ITC Trade Secrets Claims: Why Are They Not Used More by Companies in the USA?
With most US trade secret claims still filed in district courts, Christine Lehman and Connor Houghton from Reichman Jorgensen Lehman & Feldberg LLP explain why companies may not have used the US International Trade Commission in the past – and why they should in the future.
Connor Houghton
The United States International Trade Commission (ITC) is a popular forum for litigating patent infringement claims, albeit significantly under-utilised for trade secrets claims historically. According to its publicly available statistics, the ITC was involved in a record 127 active patent infringement investigations in 2022.
However, while the ITC has recently seen a modest increase in trade secret investigations (to nine active investigations in 2021 and six in 2022, along with several cases alleging both patent and trade secret violations), the number of trade secret cases remains well below 10% compared to patent cases. This is in contrast with the federal district court, where 1,156 federal trade secret cases and 3,821 patent infringement cases were filed in 2022 (according to Lex Machina’s 2023 Patent and Trade Secret Litigation Reports). Trade secret cases, therefore, make up more than three times the percentage of cases in district court than at the ITC.
Are Procedural Hurdles Preventing Companies From Using the ITC in Trade Secret Cases?
It is worth looking at why there are not more companies using the powerful remedies and other advantages of the ITC to litigate trade secret misappropriation claims, particularly those involving foreign companies and products.
Often, the ITC’s procedural requirements may lead companies to look elsewhere.
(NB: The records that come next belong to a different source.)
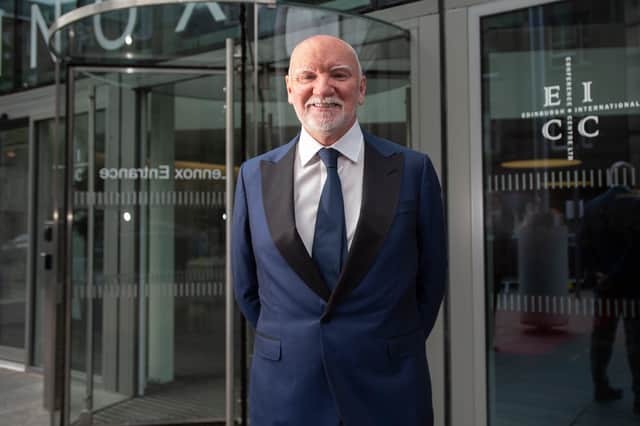 Sir Tom Hunter has called for government ministers to be banned from their local pubs over business rates (Picture: Lesley Martin)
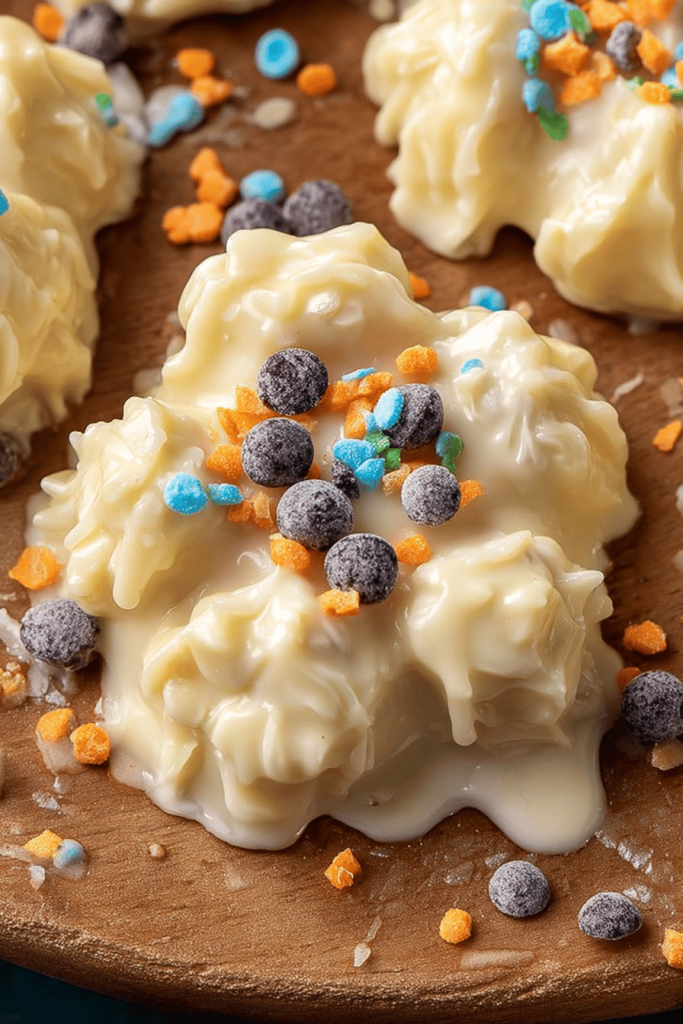 Easy Slow Cooker White Chocolate Candies Recipe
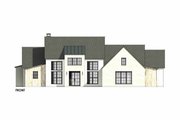 European Style House Plan - 4 Beds 4.5 Baths 3031 Sq/Ft Plan #1096-55 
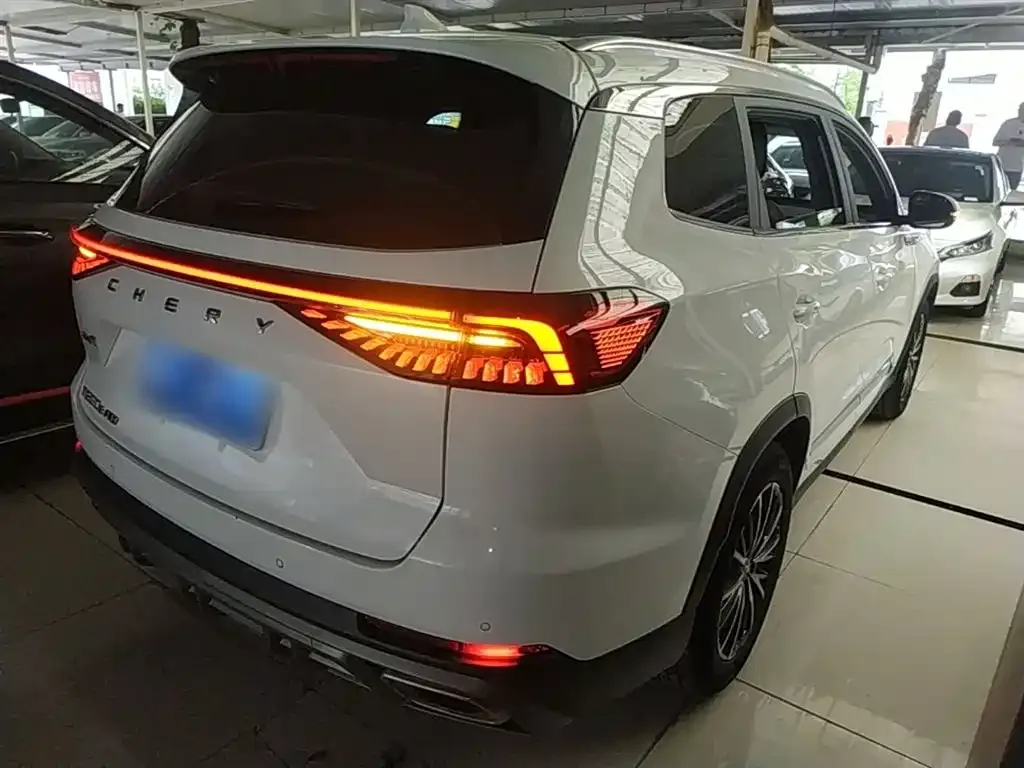 Chery Tiggo 8 PRO — фото 6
Section 337 (19 USC Section 1337(a)) requires trade secret complainants to show that:
- a respondent has imported articles that arise from unfair methods of competition (eg, trade secret misappropriation); and
- the imported articles have either the threat or effect of destroying, substantially injuring, or preventing the establishment of a US “domestic industry”.
Thus, not only does a trade secret complainant need to show that there is a competing US industry, they also need to demonstrate that this industry has suffered either actual or threatened injury.
This hurdle can be difficult. In Certain Bone Cements, Components Thereof and Products Containing Same, 337-TA-1153, Comm’n Op (25 January 2021), Heraeus brought a trade secret complaint against its competitor Zimmer Biomet. Before both the Administrative Law Judge (ALJ) and the ITC, Heraeus was found to have successfully proved that it had protectable trade secrets, that Zimmer Biomet misappropriated those trade secrets, and that Zimmer Biomet used those trade secrets in the production of its competing, imported products. Nevertheless, the ALJ found that the respondents’ unlawful importation did not actually cause any injury to Heraeus’ domestic activities and therefore declined to issue a remedy. The ITC similarly found Heraeus was not entitled to relief, reversing the ALJ’s findings that Heraeus had established a domestic industry at all – given that its products were manufactured overseas and its only activities in the USA were found insufficient.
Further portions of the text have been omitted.